TASK DIRECTIONS
Your answer must match, word for word, the lines from the one holding "Vespa LX 2014 ជប៉ុន (ក្រដាសពន្ធ)" through the final line below, with pictures excluded.

━━ INPUT DATA

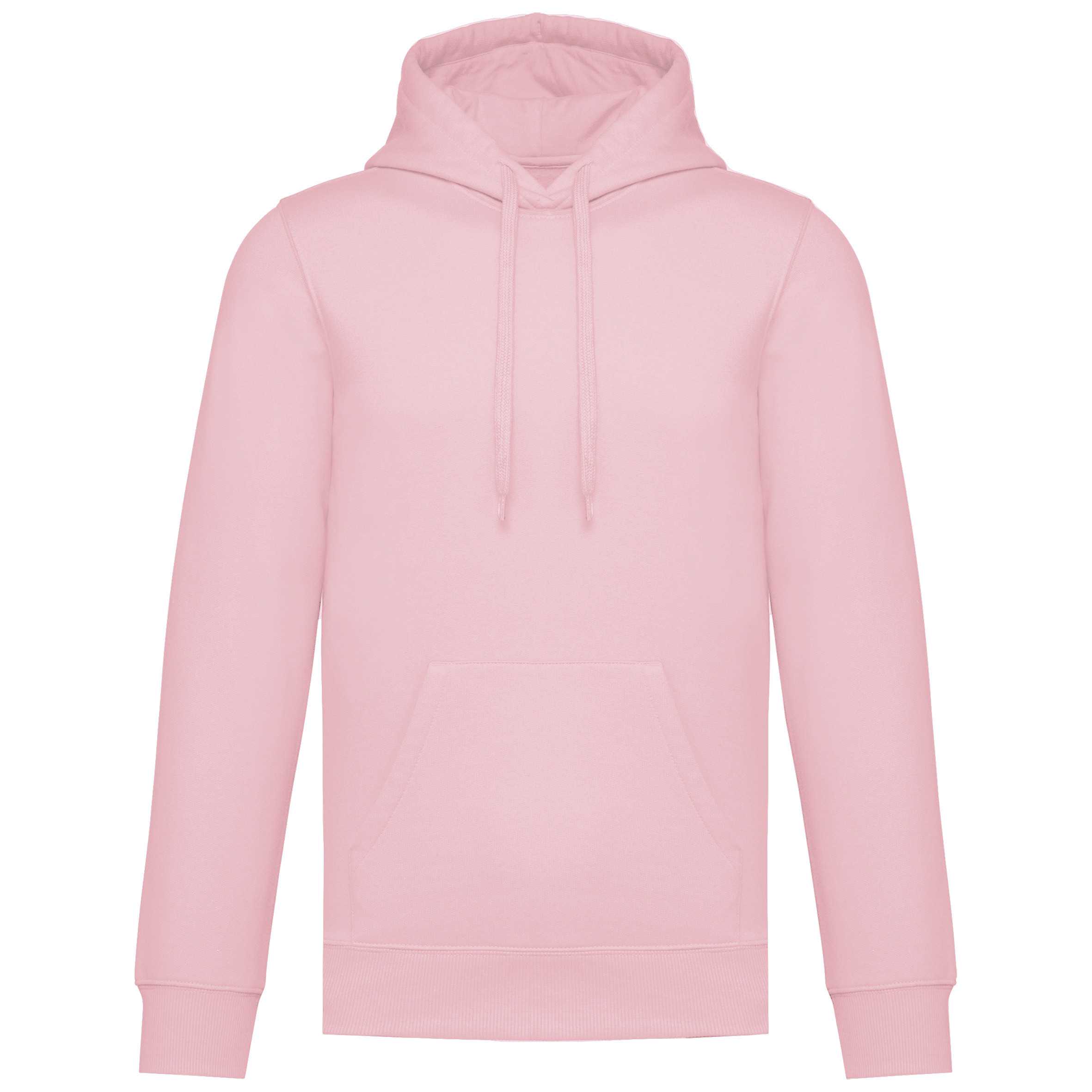 Sudadera con capucha reciclada unisex Pale Pink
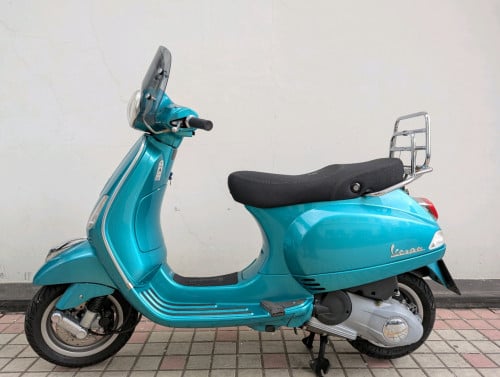 Vespa LX 2014 ជប៉ុន (ក្រដាសពន្ធ)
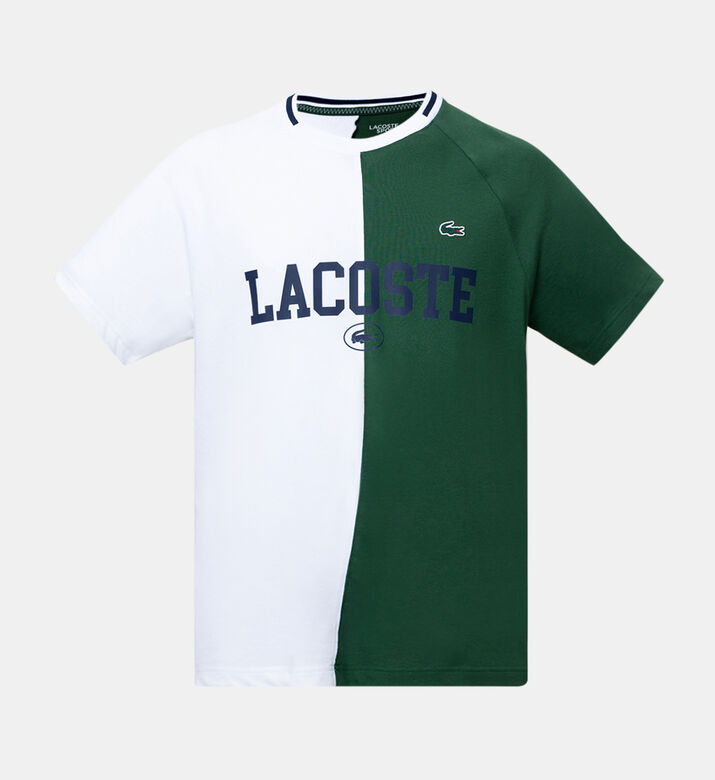 Two-tone Logo Printed T-shirt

━━━━

RESPONSE TO THE EXERCISE
 Vespa LX 2014 ជប៉ុន (ក្រដាសពន្ធ)
 Two-tone Logo Printed T-shirt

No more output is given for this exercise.